What to do
Transcribe the entries below exactly; leave every image out.

Segment Start: Exercise material

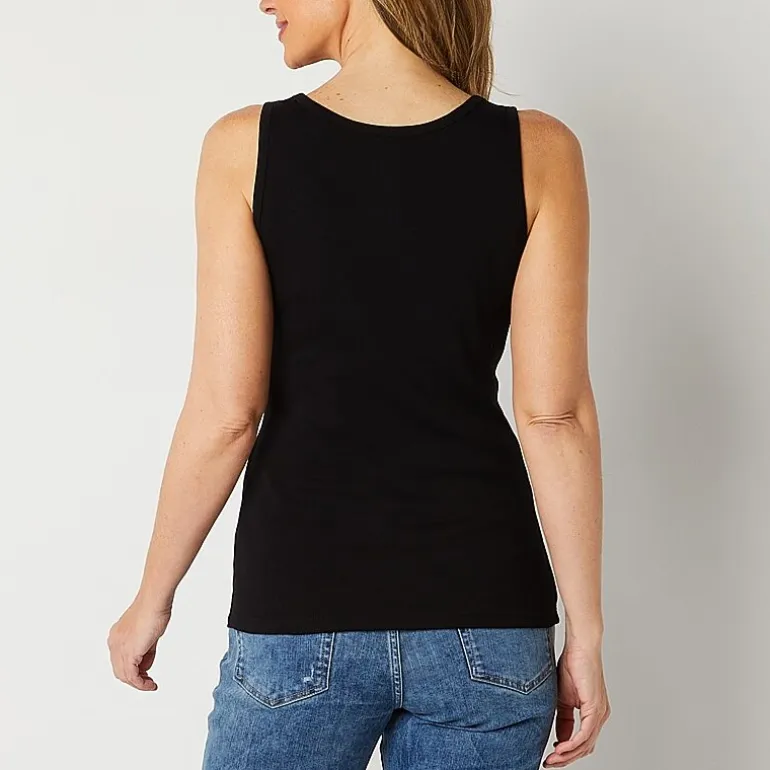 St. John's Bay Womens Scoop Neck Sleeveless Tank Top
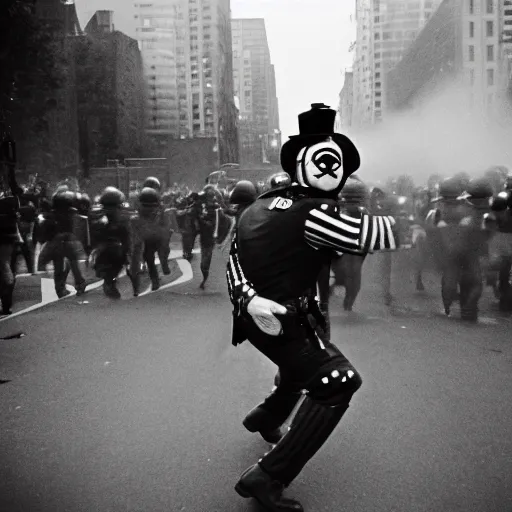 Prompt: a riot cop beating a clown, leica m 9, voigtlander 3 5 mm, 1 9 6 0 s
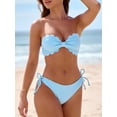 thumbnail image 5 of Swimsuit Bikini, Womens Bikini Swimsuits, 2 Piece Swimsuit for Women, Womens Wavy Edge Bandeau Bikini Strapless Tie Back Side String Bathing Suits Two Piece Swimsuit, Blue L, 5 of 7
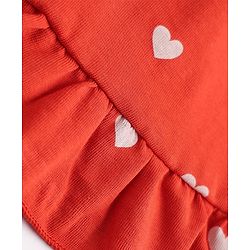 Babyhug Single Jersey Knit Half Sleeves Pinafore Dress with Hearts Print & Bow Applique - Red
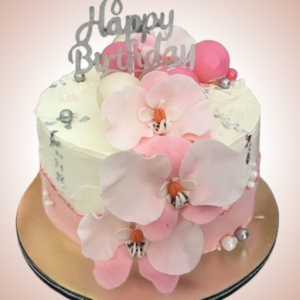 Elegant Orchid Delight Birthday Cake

Segment End: Exercise material

Response to this exercise
 St. John's Bay Womens Scoop Neck Sleeveless Tank Top
 Prompt: a riot cop beating a clown, leica m 9, voigtlander 3 5 mm, 1 9 6 0 s
 thumbnail image 5 of Swimsuit Bikini, Womens Bikini Swimsuits, 2 Piece Swimsuit for Women, Womens Wavy Edge Bandeau Bikini Strapless Tie Back Side String Bathing Suits Two Piece Swimsuit, Blue L, 5 of 7
 Babyhug Single Jersey Knit Half Sleeves Pinafore Dress with Hearts Print & Bow Applique - Red
 Elegant Orchid Delight Birthday Cake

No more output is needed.